It was probably in the morning of the sixth day – that is, Friday of Earth’s first week – when God created Adam. God had spent the early part of that day overseeing the creation of the cattle, the beasts and the creeping things from the earth [Genesis 1:24-25]. God then formed man from the dust of the ground and put him in the garden of Eden to tend and keep it [Genesis 2:7,8,15]. After remarking that “it is not good that man should be alone; I will make him a helper comparable to him,” the Lord God then brought “every beast of the field and bird of the air to Adam to see what he would call them. And whatever Adam called each living creature, that was its name… But for Adam there was not found a helper comparable to him” (Genesis 2:18-20). From the way these Scriptures read, some have suggested that God was offering Adam a “helper” from among the animal kingdom, but this is not at all the case. God was, in fact, teaching Adam a human language. Some commentaries argue that it was Hebrew. The noun – the name of a person, place or thing – is the basic element of any language, and we all learned to speak beginning with the nouns (e.g., mama, dog, spoon, etc.).

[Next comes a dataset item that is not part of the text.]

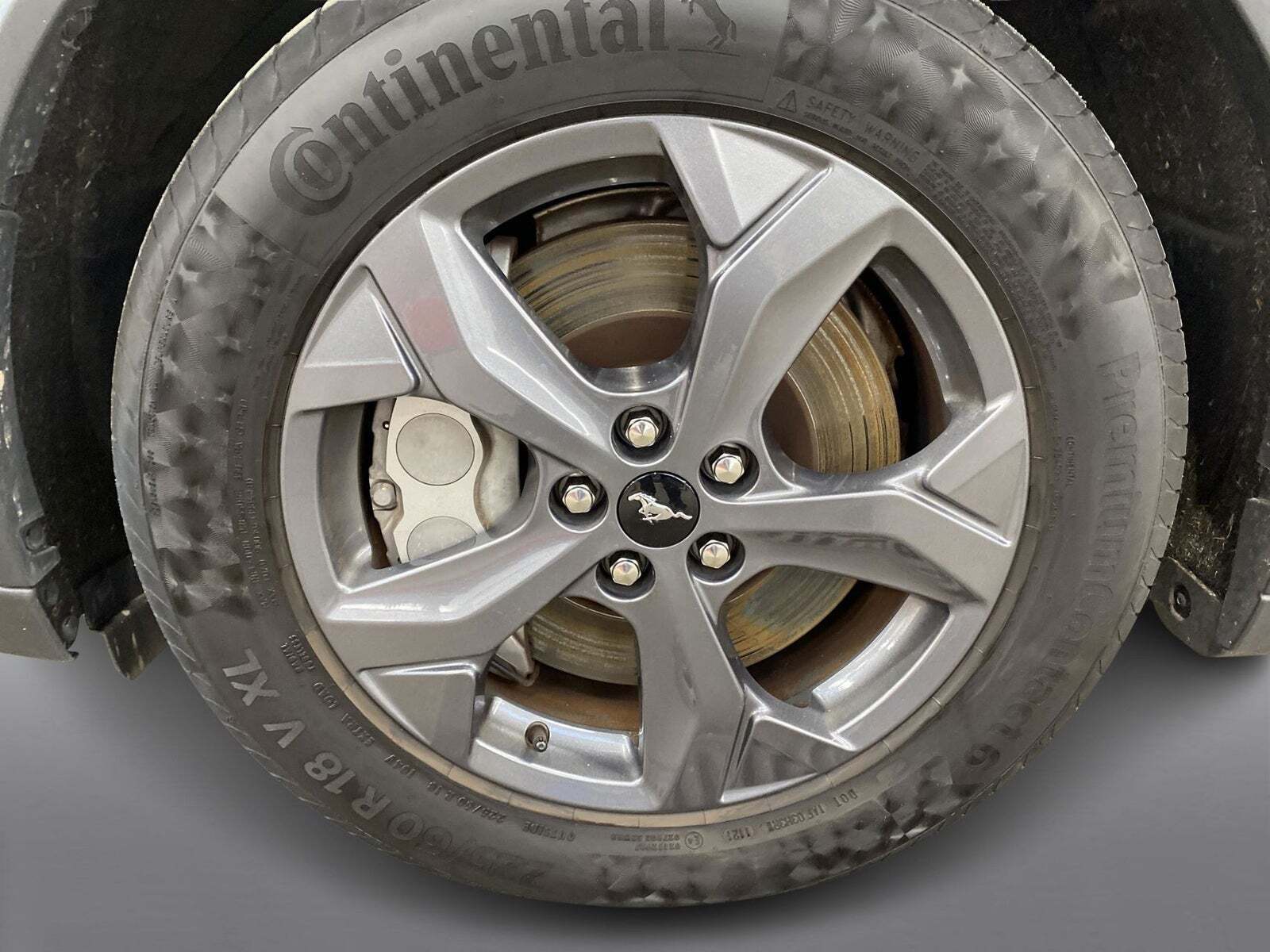 Rød Ford Mustang Mach-E fra 2021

    It takes the average young person immersed in a second language at least a year to be proficient in that language. However, Adam was created in perfection and this would include a perfect mind with total memory retention. So how long would it have taken Adam to learn a complete language of, say, 5,000 words? Recalling that “every beast of the field and bird of the air” would include all those now extinct and involve perhaps several thousand “kinds,” keep in mind that Adam had the best of all possible teachers. Knowing this, we might reply: “Adam could have done it in one day.” William Sidis [1898-1944], an American born of Russian immigrants, could learn a language of 5,000 words and the grammar in a single day while, as an adult, he could speak over forty languages. Like the man born blind, from time to time there are such exceptional people, and, as Jesus explained, this is so that “the works of God can be revealed in him” (John 9:3).

    So Friday looks like a very busy day for Adam; yet, the day also had to accommodate the making of Eve. Interestingly, the Scripture speaks of the “creation of Adam” [Genesis 1:27; 2:19] but the “making of the Woman” [Genesis 2:22, 23]. She was named Eve by Adam after the Fall [Genesis 3:20]. Likely this is a reflection of the fact that the man was created from inanimate material and, therefore, required God’s spirit of life while “the Woman” was made from Adam’s living bone and tissue. Faced with the apparent difficulty of cramming all these activities into that busy first Friday, some of the early commentaries – such as The Book of Jubilees – have argued that Eve was made on the Friday of the following week. This, however, is believed to be an unnecessary expedient. We are told that everything God made was within the first six days [Genesis 1:31] and reminded of this in the fourth commandment: “For in six days the Lord made the heavens and the earth and all that is in them…” [Exodus 20:11].

    Reference. Charles, Robert Henry [translator]. 2005. The Book of Jubilees or the Little Genesis. Original publishers: Society for Promoting Christian Knowledge, UK. Published 2005 by: Ibis Press, Berwick, Maine.